_TASK TO CARRY OUT_. Going down the listing below, print exactly each line from the one with "Hey everyone, welcome" up to and including the one with "Before we go", and skip the rest.

_EXERCISE MATERIALS_.
*** Block opens ***
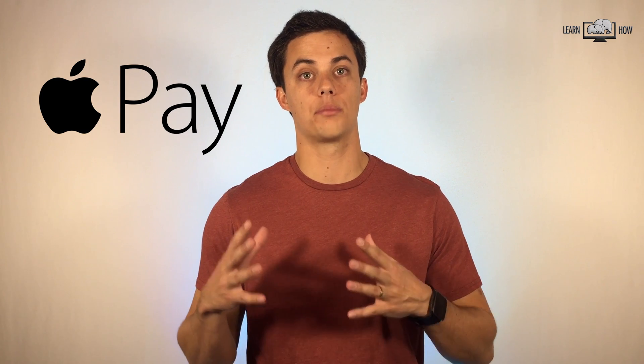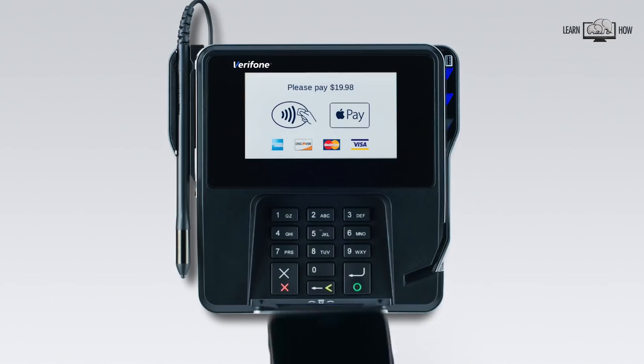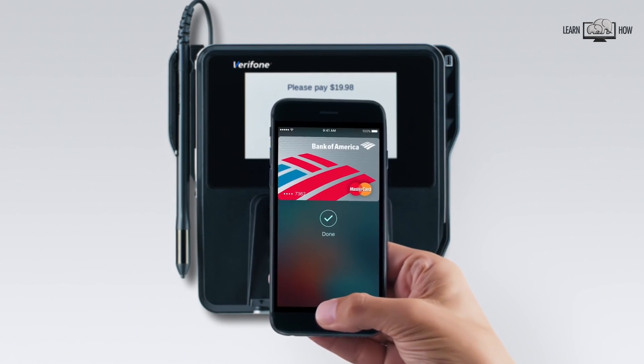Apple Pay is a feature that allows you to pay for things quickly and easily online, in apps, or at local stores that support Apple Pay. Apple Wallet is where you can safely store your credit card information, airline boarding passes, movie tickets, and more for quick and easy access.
*** Block closes ***
*** Block opens ***
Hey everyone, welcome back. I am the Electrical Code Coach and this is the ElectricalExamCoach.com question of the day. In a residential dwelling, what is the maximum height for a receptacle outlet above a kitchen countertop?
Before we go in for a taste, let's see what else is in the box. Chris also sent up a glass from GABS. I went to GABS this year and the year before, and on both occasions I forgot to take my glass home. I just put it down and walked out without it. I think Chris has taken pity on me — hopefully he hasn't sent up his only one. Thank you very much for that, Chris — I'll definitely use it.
*** Block closes ***
_OUTPUT OF THE EXERCISE_.
Hey everyone, welcome back. I am the Electrical Code Coach and this is the ElectricalExamCoach.com question of the day. In a residential dwelling, what is the maximum height for a receptacle outlet above a kitchen countertop?
Before we go in for a taste, let's see what else is in the box. Chris also sent up a glass from GABS. I went to GABS this year and the year before, and on both occasions I forgot to take my glass home. I just put it down and walked out without it. I think Chris has taken pity on me — hopefully he hasn't sent up his only one. Thank you very much for that, Chris — I'll definitely use it.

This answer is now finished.